__SUPPLIED MATERIAL__:
---*---

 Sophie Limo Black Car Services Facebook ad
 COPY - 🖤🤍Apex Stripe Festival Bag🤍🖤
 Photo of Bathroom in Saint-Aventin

---*---

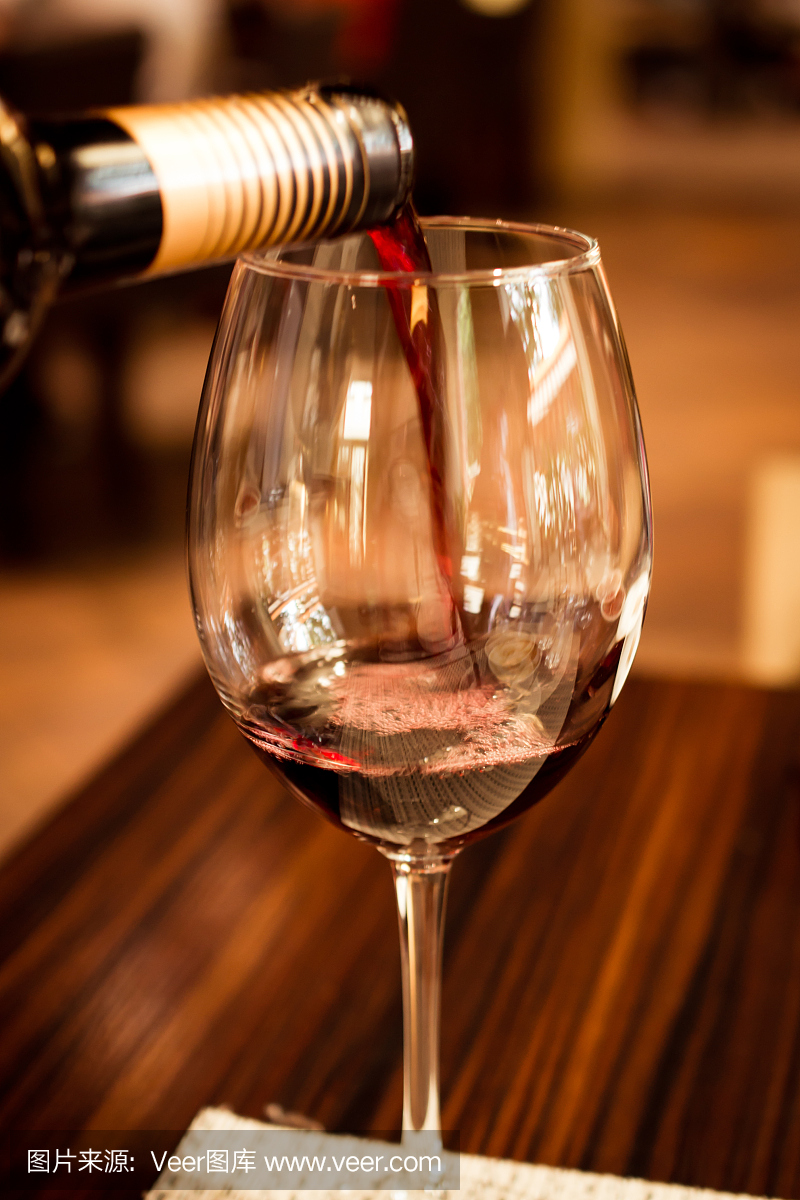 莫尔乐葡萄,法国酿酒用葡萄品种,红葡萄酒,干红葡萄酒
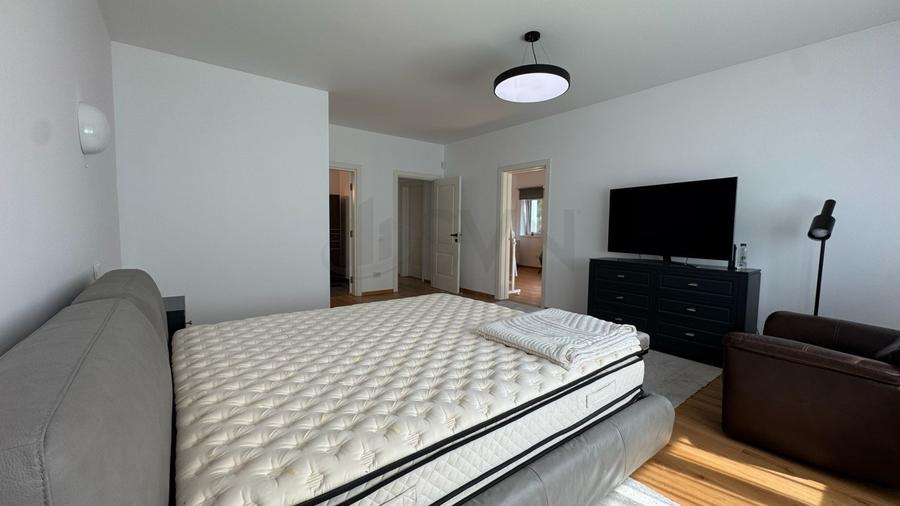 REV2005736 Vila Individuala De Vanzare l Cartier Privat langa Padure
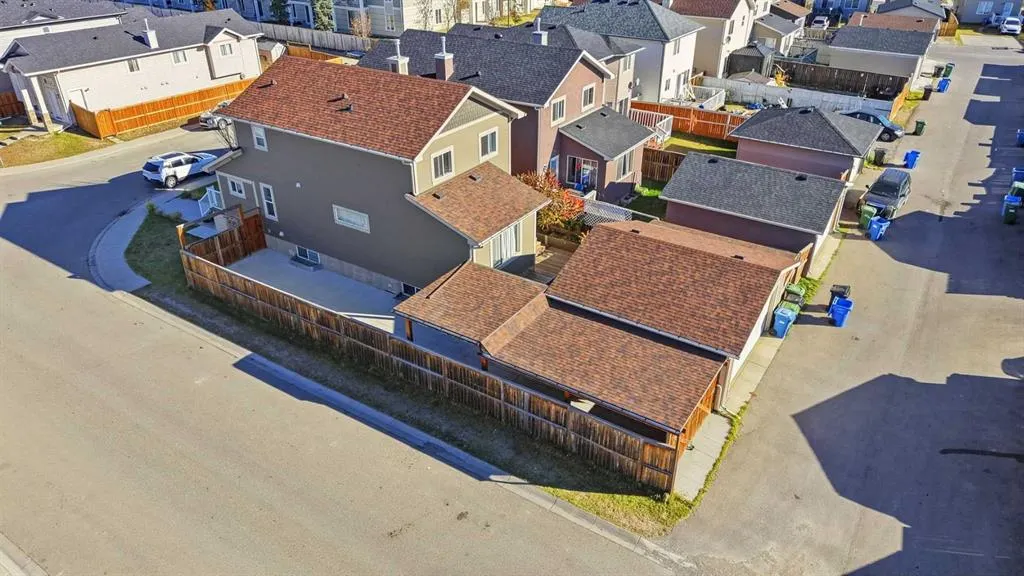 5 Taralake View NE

---*---

__YOUR INSTRUCTIONS__: The answer is those lines of the material above that run from the one containing "REV2005736 Vila Individuala" up to and including the one containing "5 Taralake View NE", restated exactly and without images.

__ANSWER BELOW__:
 REV2005736 Vila Individuala De Vanzare l Cartier Privat langa Padure
 5 Taralake View NE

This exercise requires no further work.